Enternasyonal Marşı’nın proletaryaya slogan ve program oluşunun üzerinden tam 143 yıl geçti. Marş proletaryanın mücadelesiyle giderek anlam kazandı ve kızıllaştı. Beyinlere yerleşen ve sözleriyle kurtuluş güzergâhını gösteren Enternasyonal, proletaryanın mücadelesinin programı niteliğinde adeta. 1871’de Paris Komünü’nün deneyimlerle dolu yapısı ile bütünleşen Enternasyonal, proletaryanın cüretini ve iradesini sözleriyle ve müziğiyle ifade etti.
1870 yılında Fransız işçi Eugène Pottier tarafından yazılan Enternasyonal, sadece bir şiirdi. Marşın bestelenmesi 1888’de yine bir Fransız işçinin, Pierre Degeyter’in enstrümanında biçim kazandı. İşçi sınıfının elinde şekillenen marş, ruhunu mücadeleden, öfkesini ise ödemiş olduğu bedellerden aldı. Özellikle Paris Komünü’nde burjuvaziyi korkuturken işçi kitlelerine ve militanlarına cesaret kaynağı ve umut ışığı oldu.

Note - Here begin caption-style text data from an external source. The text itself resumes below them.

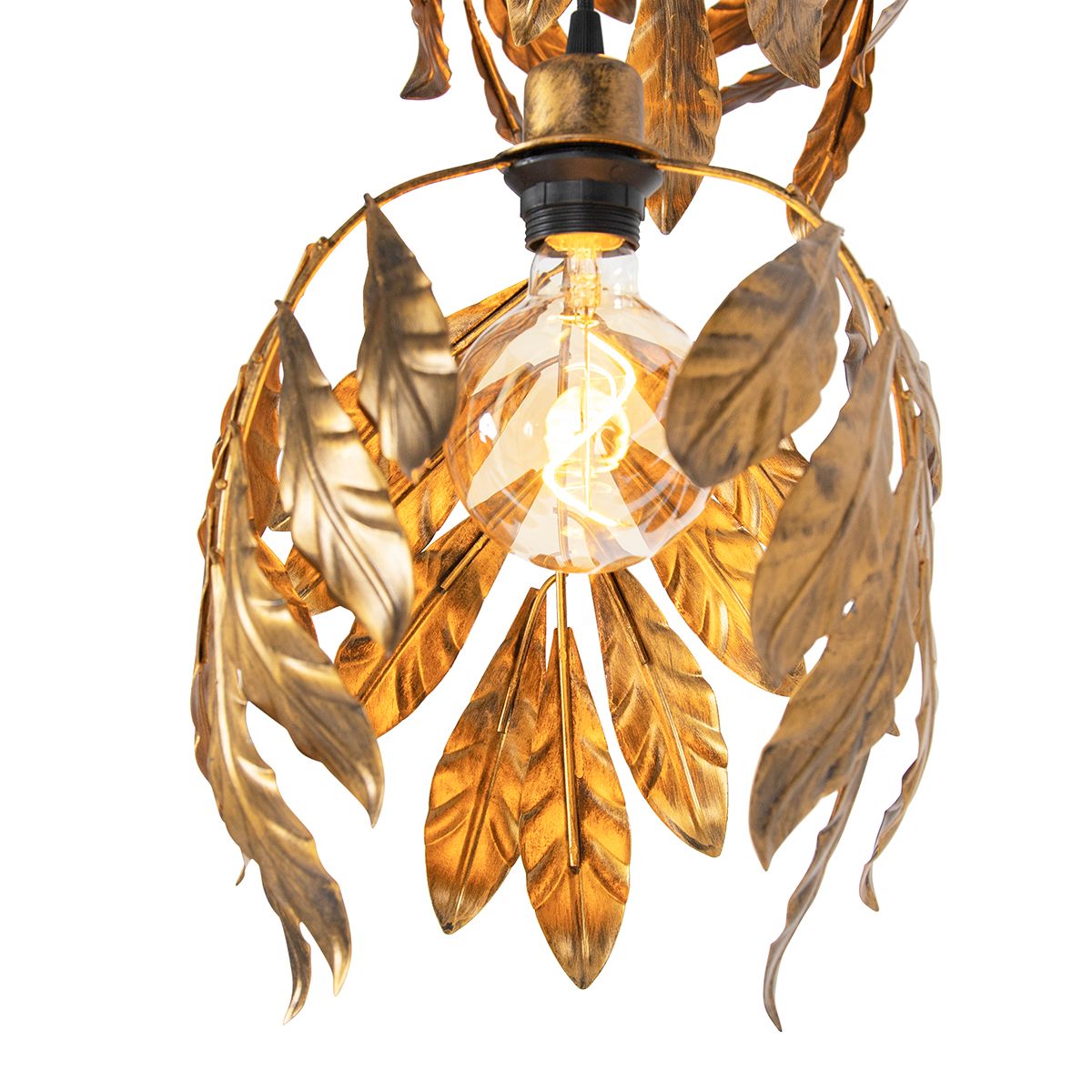 Vintage hanglamp antiek goud rond 3-lichts - Linden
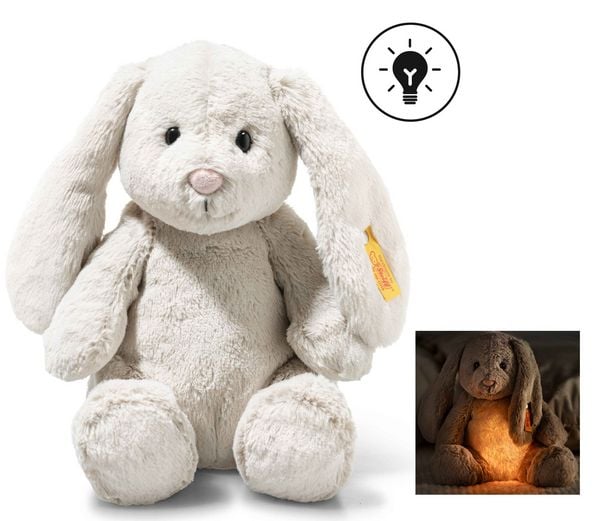 Produktbild: Steiff 081026 - Light at Night Hoppie Hase, Licht mit Timer, Pl&uuml;sch, 28 cm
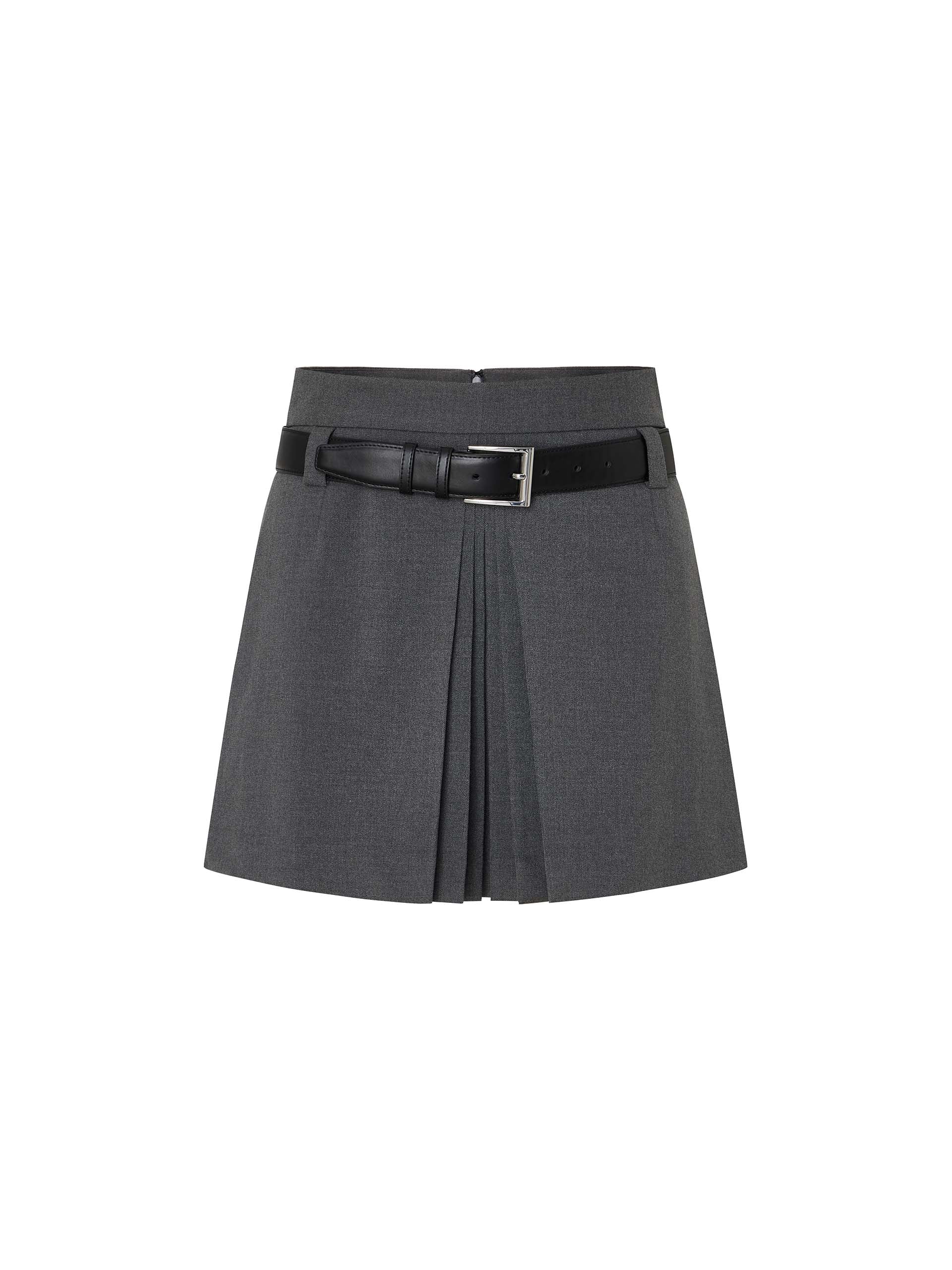 MO&Co. Women's Pleated Mini Skirt in Grey with Belt features mini length, pleated details at front, low-rise belt loops design & a hidden back zipper closure, it's sure to be a wardrobe staple!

Bugün birçok ezgi kitlelerin mücadelesinden kopuk kaldığı için kitleler tarafından benimsenmemektedir. Şüphesiz bu çeşitli slogan ve bildiriler için de geçerlidir. Sözünü kitlelerin bağrından alan, kendini ihtiyaca göre şekillendiren, ruhunu mücadeleden alan birçok ezgi ise kendini sürekli üreten ve bu yüzden de unutulmayan bir durumdadır. Bu ezgiler onu çıkaran toplumsal süreçlerden bağımsız olmayıp, aynı zamanda tarihi yazan emekçilerin elinde hayat bulmaktadır. Bu açıdan Enternasyonal Marşı’nın oluşum sürecini anlatırken onu ortaya çıkaran toplumsal koşulları da anlatmak gerekmektedir.
Marşı ortaya çıkaran koşullar
“Eski Düzeni doğumsuz fakat sonlu yapan nedenlerden ötürü Devrim de doğumlu ve sonsuzdur.” (F. Furet) (Devrim’in Yorumu Fransız Devrimi’ne Üç Yaklaşım Biçimi/Doğu-Batı Yayınları/52)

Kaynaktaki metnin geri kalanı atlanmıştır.